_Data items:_
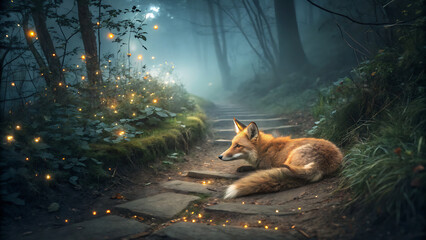 Enchanted forest path. serene fox resting on forest path surrounded by glowing lights and mist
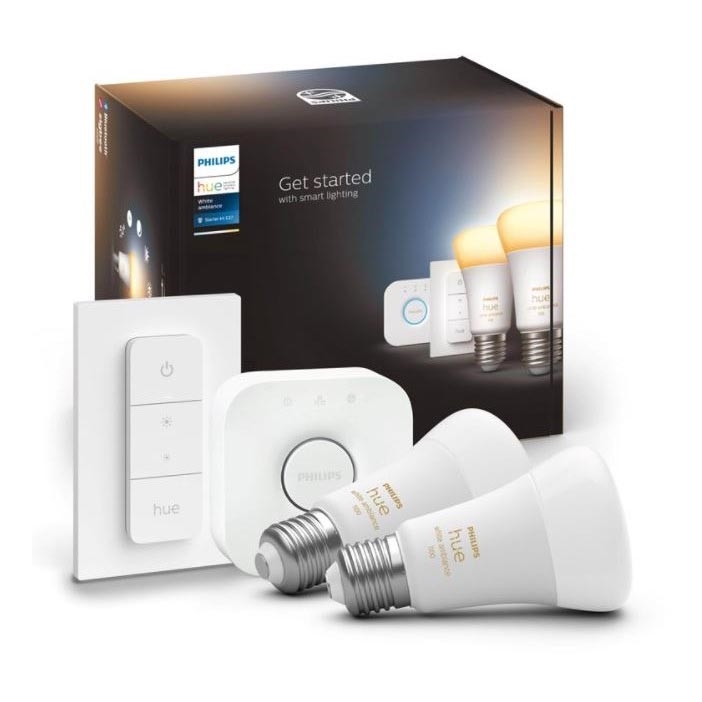 Stardikomplekt Philips Hue WHITE AMBIANCE 2xE27/8W/230V + ühendusseade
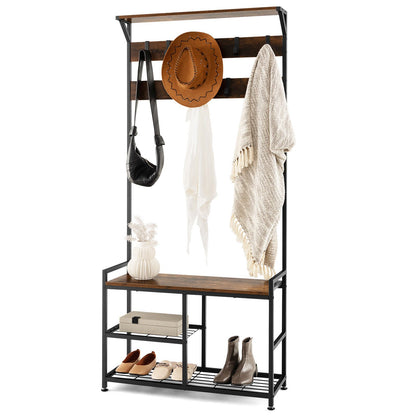 3-In-1 Industrial Coat Rack Stand with 9 Hooks Shoe Bench, Brown - Gallery Canada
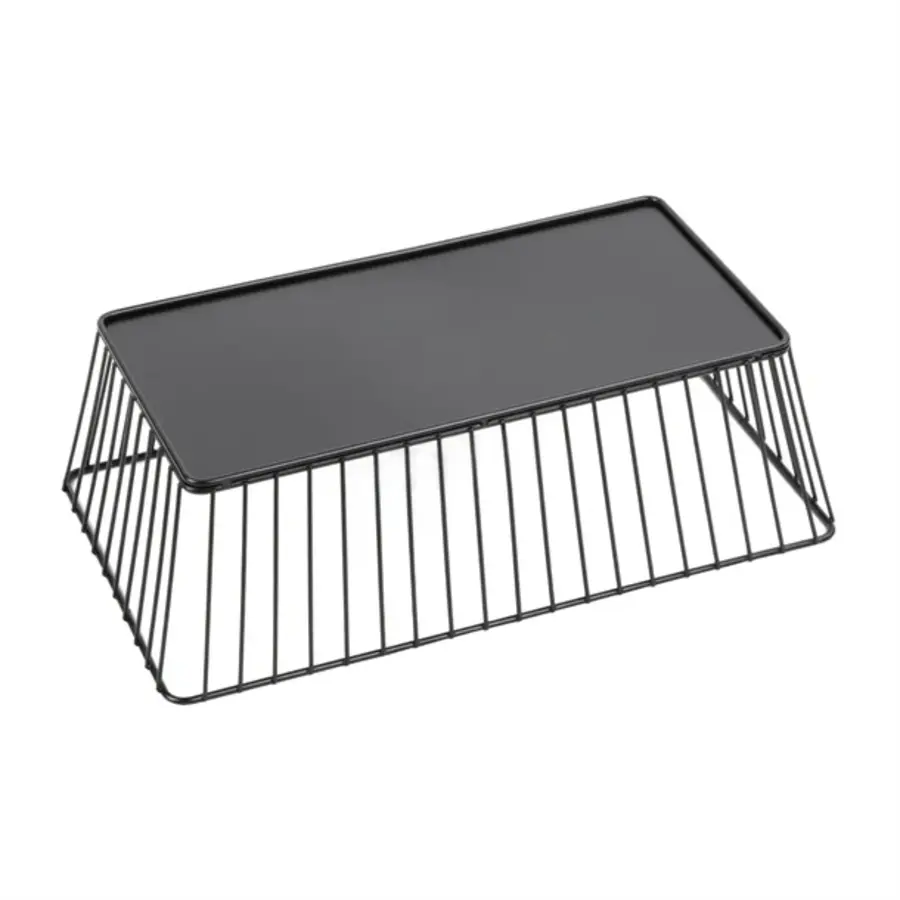 Plateau de présentation alimentaire rectangulaire en fil métallique Olympia | Noir | 330x190x100mm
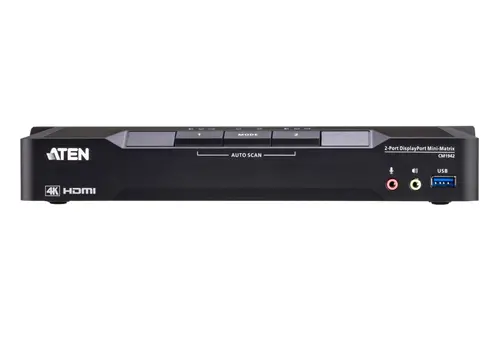 KVM превключвател, ATEN CM1942, 2-портов, USB, HDMI, DisplayPort, Mini-Matrix Boundless - image 1
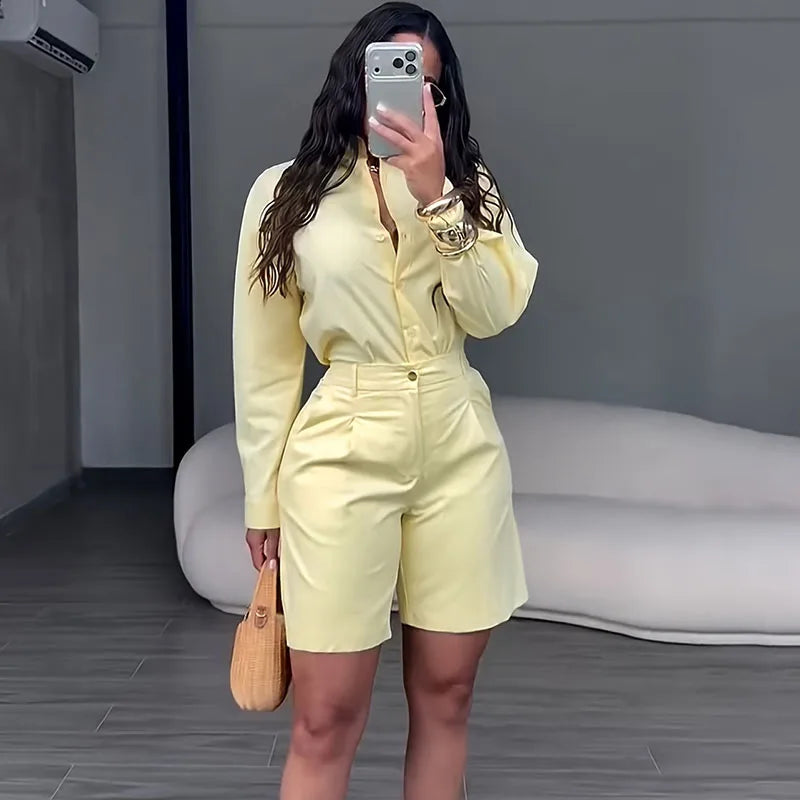 Doyerl Solid Elegant Fashion Two Piece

_REQUIRED ACTION:_ Since the pictures are not wanted, copy only the text of the records above, exactly.

_SOLUTION TO THIS TASK:_
 Enchanted forest path. serene fox resting on forest path surrounded by glowing lights and mist
 Stardikomplekt Philips Hue WHITE AMBIANCE 2xE27/8W/230V + ühendusseade
 3-In-1 Industrial Coat Rack Stand with 9 Hooks Shoe Bench, Brown - Gallery Canada
 Plateau de présentation alimentaire rectangulaire en fil métallique Olympia | Noir | 330x190x100mm
 KVM превключвател, ATEN CM1942, 2-портов, USB, HDMI, DisplayPort, Mini-Matrix Boundless - image 1
 Doyerl Solid Elegant Fashion Two Piece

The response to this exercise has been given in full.